Extracted records:
Content starts

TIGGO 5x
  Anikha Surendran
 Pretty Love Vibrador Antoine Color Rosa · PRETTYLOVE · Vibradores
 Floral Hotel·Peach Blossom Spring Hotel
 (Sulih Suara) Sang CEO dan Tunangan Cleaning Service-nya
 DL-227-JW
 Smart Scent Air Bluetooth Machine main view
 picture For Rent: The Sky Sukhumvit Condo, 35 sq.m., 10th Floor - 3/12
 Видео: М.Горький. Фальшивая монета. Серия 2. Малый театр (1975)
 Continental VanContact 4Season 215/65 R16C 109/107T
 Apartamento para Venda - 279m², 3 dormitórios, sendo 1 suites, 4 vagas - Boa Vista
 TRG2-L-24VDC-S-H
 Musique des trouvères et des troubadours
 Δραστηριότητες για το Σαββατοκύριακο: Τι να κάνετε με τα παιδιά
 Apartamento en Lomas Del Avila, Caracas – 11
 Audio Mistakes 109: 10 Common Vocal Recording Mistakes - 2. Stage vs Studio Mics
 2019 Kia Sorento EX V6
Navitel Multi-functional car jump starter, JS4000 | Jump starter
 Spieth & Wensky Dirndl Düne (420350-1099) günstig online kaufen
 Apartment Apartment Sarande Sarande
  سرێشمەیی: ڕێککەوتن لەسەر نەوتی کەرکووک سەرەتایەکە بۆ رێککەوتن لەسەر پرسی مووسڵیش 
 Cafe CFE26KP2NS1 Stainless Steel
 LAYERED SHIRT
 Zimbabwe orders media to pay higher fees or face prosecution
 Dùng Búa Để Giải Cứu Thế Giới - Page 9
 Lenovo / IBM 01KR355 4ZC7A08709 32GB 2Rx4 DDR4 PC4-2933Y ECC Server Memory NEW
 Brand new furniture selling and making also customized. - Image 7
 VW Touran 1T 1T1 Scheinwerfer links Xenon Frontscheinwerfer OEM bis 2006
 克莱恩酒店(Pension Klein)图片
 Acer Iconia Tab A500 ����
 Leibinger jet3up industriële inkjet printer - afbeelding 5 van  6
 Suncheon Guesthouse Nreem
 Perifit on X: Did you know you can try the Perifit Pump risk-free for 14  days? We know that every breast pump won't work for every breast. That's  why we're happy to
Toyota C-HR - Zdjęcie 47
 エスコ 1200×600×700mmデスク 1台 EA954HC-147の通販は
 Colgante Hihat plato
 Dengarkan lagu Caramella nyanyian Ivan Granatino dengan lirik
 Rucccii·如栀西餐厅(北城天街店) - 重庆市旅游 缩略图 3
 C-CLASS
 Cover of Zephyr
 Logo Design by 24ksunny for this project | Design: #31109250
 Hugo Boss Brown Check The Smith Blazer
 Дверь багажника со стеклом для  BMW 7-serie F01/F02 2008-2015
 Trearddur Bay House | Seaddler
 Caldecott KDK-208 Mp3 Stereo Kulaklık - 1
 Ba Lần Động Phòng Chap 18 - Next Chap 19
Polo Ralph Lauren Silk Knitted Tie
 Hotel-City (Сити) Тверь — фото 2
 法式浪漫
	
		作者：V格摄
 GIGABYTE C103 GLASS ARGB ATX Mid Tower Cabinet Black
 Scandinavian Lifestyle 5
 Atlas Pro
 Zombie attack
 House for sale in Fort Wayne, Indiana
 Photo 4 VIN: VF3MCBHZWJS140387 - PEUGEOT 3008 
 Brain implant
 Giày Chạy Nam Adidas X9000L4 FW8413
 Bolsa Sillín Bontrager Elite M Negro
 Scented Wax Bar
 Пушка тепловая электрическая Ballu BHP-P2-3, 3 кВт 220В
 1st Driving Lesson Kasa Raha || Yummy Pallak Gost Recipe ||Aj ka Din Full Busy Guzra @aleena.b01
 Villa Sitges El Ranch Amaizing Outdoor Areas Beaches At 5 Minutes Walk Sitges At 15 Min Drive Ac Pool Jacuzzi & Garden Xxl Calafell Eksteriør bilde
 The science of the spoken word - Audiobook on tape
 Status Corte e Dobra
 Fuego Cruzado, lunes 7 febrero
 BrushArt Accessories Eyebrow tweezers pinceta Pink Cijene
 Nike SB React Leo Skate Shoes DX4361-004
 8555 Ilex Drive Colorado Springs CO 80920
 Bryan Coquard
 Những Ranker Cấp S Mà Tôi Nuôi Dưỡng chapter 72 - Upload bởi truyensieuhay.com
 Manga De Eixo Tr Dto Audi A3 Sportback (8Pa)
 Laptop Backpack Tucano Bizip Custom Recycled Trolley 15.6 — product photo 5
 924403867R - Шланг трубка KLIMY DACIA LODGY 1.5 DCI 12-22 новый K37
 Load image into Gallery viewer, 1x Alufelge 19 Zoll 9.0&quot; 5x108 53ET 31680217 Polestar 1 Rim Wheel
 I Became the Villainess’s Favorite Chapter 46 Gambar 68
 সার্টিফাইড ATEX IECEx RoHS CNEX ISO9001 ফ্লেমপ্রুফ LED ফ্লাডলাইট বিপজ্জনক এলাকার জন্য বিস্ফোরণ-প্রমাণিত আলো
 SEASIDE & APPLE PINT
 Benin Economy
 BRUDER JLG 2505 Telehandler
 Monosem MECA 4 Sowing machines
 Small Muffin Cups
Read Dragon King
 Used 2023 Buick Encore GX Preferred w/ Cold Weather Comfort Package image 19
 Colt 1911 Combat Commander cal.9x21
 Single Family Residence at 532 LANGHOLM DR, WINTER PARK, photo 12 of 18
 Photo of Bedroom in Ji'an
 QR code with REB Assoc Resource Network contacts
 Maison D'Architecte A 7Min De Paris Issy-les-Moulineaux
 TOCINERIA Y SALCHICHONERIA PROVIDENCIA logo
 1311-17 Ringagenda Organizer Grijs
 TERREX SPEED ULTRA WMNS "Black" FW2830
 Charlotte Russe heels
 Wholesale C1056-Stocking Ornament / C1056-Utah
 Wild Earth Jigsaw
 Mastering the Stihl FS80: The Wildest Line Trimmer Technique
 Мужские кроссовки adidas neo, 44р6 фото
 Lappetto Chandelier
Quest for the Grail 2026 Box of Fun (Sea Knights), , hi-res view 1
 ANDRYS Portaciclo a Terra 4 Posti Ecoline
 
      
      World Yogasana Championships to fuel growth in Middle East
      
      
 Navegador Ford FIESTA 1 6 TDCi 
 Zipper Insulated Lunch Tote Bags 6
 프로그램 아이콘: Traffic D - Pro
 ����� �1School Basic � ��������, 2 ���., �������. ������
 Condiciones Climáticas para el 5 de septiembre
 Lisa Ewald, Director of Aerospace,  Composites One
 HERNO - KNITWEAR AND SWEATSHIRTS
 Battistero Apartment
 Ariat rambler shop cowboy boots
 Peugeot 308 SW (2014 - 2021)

Content ends

Scan the lines above for "Apartamento", then copy every one that has it.

 Apartamento para Venda - 279m², 3 dormitórios, sendo 1 suites, 4 vagas - Boa Vista
 Apartamento en Lomas Del Avila, Caracas – 11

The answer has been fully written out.